Available project settings:

  • type: pages or sitemap
  • sources: list of page URLs or sitemap URLs
  • crawl.parse_type: markdown or markdown-fit
  • preprocessing.markdown.enabled: enables Markdown cleanup
  • preprocessing.markdown.*: optional cleanup rules such as ensure_h1, remove_html_comments, remove_reference_sections, and normalize_whitespace

For the full configuration, see crawl.yml.example.


Usage

After cloning the repository and creating crawl.yml, use:

crawl planes
crawl pydantic

Or with uv inside the project:

uv run crawl planes
uv run crawl pydantic

Python API

crawl4md can also be used as a Python package.

The public classes are:

  • MarkdownFetcher
  • MarkdownConverter
  • ParseType
  • MarkdownPreprocessingConfig

Configure Parse Type

Use ParseType to control how Markdown is generated:

  • "markdown": raw markdown output
  • "markdown-fit": cleaned and reduced markdown output via crawl4ai

Configure Preprocessing

Use MarkdownPreprocessingConfig to enable optional cleanup steps.

Simple example:

from crawl4md import MarkdownPreprocessingConfig

config = MarkdownPreprocessingConfig(
    enabled=True,
    remove_html_comments=True,
    normalize_whitespace=True,
)

Fetch Markdown From a URL

Use MarkdownFetcher if you want to fetch a page and directly receive Markdown.

from crawl4md import MarkdownFetcher, MarkdownPreprocessingConfig

config = MarkdownPreprocessingConfig(enabled=True)
fetcher = MarkdownFetcher(config=config, parse_type="markdown-fit")

markdown = fetcher.fetch_sync("https://example.com")
print(markdown)

Async version:

import asyncio

from crawl4md import MarkdownFetcher, MarkdownPreprocessingConfig

config = MarkdownPreprocessingConfig(enabled=True)
fetcher = MarkdownFetcher(config=config, parse_type="markdown-fit")

markdown = asyncio.run(fetcher.fetch("https://example.com"))
print(markdown)

Convert HTML to Markdown

Use MarkdownConverter if you already have HTML and only want the conversion step.

from crawl4md import MarkdownConverter, MarkdownPreprocessingConfig

html = "<html><body><h1>Hello</h1><p>World</p></body></html>"

config = MarkdownPreprocessingConfig(enabled=True, ensure_h1=True)
converter = MarkdownConverter(config=config, parse_type="markdown")

markdown = converter.convert_sync(html=html, url="https://example.com")
print(markdown)

Async version:

import asyncio

from crawl4md import MarkdownConverter, MarkdownPreprocessingConfig

html = "<html><body><h1>Hello</h1><p>World</p></body></html>"

config = MarkdownPreprocessingConfig(enabled=True, ensure_h1=True)
converter = MarkdownConverter(config=config, parse_type="markdown")

markdown = asyncio.run(
    converter.convert(html=html, url="https://example.com")
)
print(markdown)

Output Structure

Markdown files are stored deterministically based on the URL path:

docs/<project>/<url-path>.md

Example:

docs/planes/wiki/Boeing_707.md

Rules:

  • Domain is ignored
  • URL path is preserved
  • /index.md
  • Query parameters are ignored

Example Output

1/2 Crawl https://de.wikipedia.org/wiki/Boeing_707
- Fetching ... done
- Processing ... done
- Writing docs/planes/wiki/Boeing_707.md ... done

Use Cases

  • RAG data ingestion
  • Website snapshotting
  • Knowledge base generation
  • Offline documentation

Project Structure

src/crawl4md/
├─ cli.py
├─ config.py
├─ sitemap.py
├─ crawler.py
├─ paths.py
└─ writer.py

Notes

  • No recursive crawling (by design)
  • No hidden caching or transformations
  • Focus on clean Markdown output only

License

This project is licensed under the MIT License.

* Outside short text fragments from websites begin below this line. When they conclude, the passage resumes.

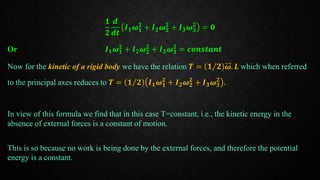 Rigidity In Space Example MOTION OF A RIGID BODY IN SPACE | PPTX
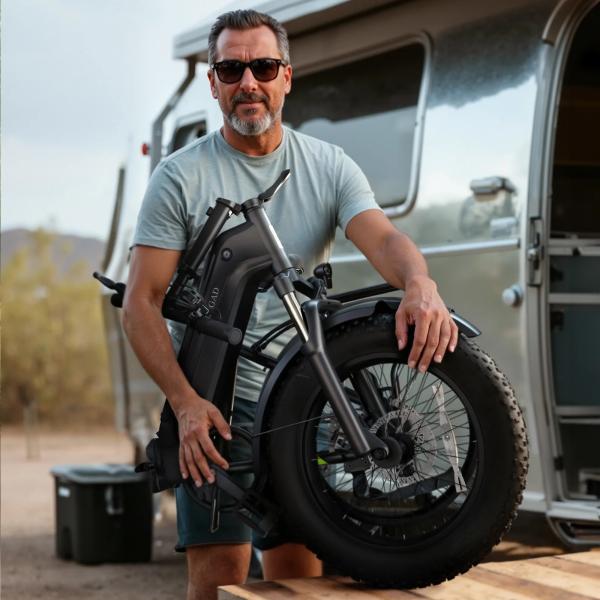 All Terrain Folding Fat Tire Electric Bike 20x4 Powerful All-Terrain Mountain Snow Beach Fat Tire E-Bike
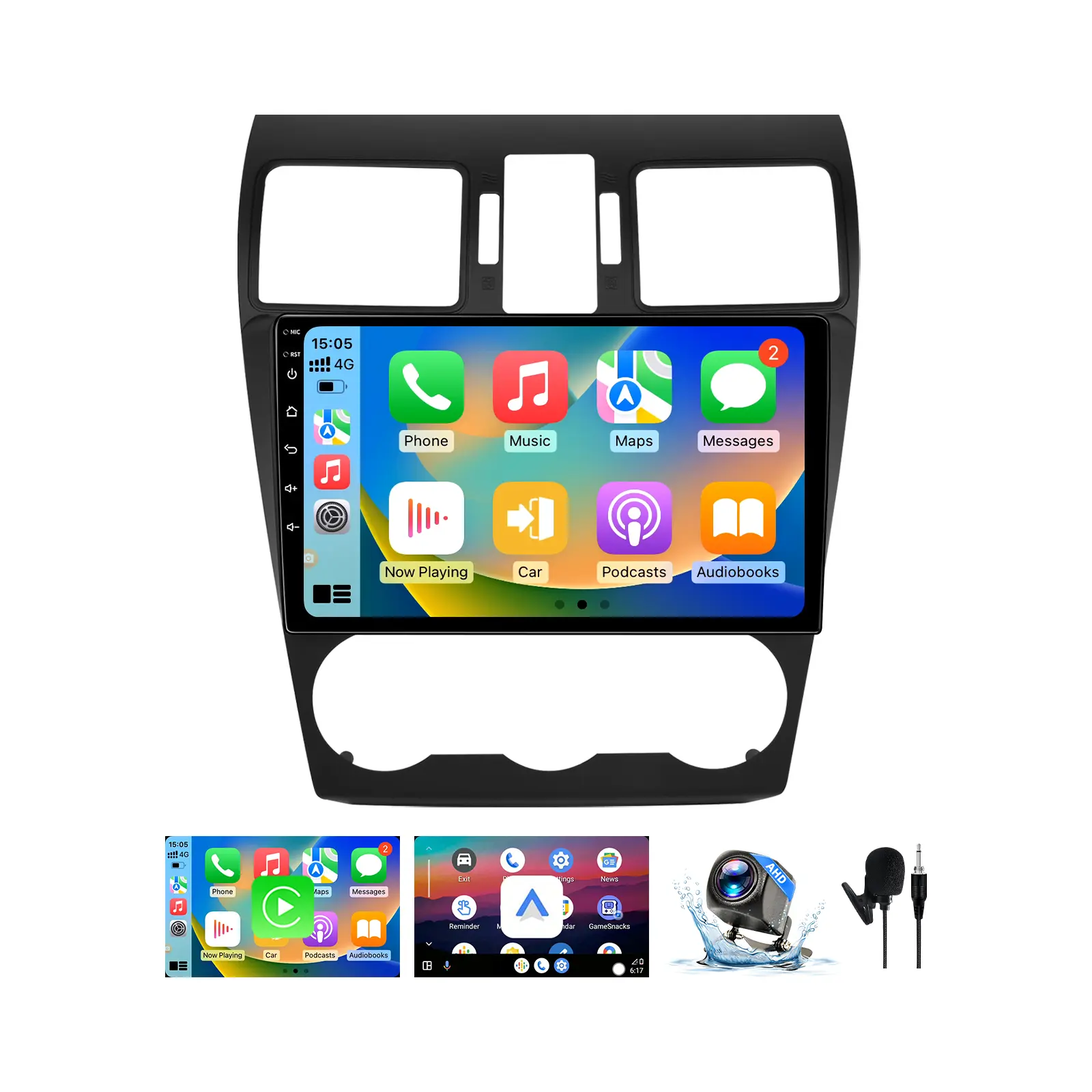9-Inch Android 13 Car Radio Stereo Head Unit, 2+64G for Subaru Forester WRX Impreza 2013-2015, with Wireless CarPlay, Android Auto, GPS Navigation, Mirrorlink, Backup Camera & Car Media Player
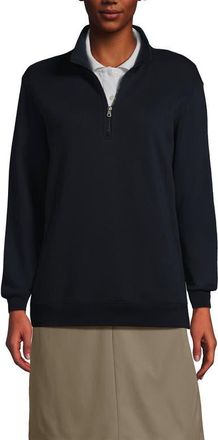 Lands End Adult Quarter Zip Sweatshirt in Classic Navy at Nordstrom, Size Xx-Large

See the LICENSE.md file for details.

Authors


Built on top of crawl4ai

This project builds on the excellent crawl4ai library and extends it with a simpler batch-oriented workflow for repeatable Markdown exports.

Why use crawl4md as a complement to crawl4ai:

  • project-based batch crawling via crawl.yml
  • support for both page lists and sitemap-driven crawls
  • deterministic output paths for generated Markdown files
  • optional Markdown cleanup rules for better downstream text quality
  • a small CLI and Python API focused on URL or HTML to Markdown workflows
  • clearer separation between fetching, conversion, preprocessing, and writing

In short: crawl4ai provides the powerful crawling and Markdown generation foundation, while crawl4md adds a lightweight structure around it for batch jobs, cleaner output, and easier integration into documentation or RAG pipelines.

Project details


Download files

Download the file for your platform. If you're not sure which to choose, learn more about installing packages.

Source Distribution

crawl4md-0.1.3.tar.gz (16.4 kB view details)

Uploaded Source

Built Distribution

If you're not sure about the file name format, learn more about wheel file names.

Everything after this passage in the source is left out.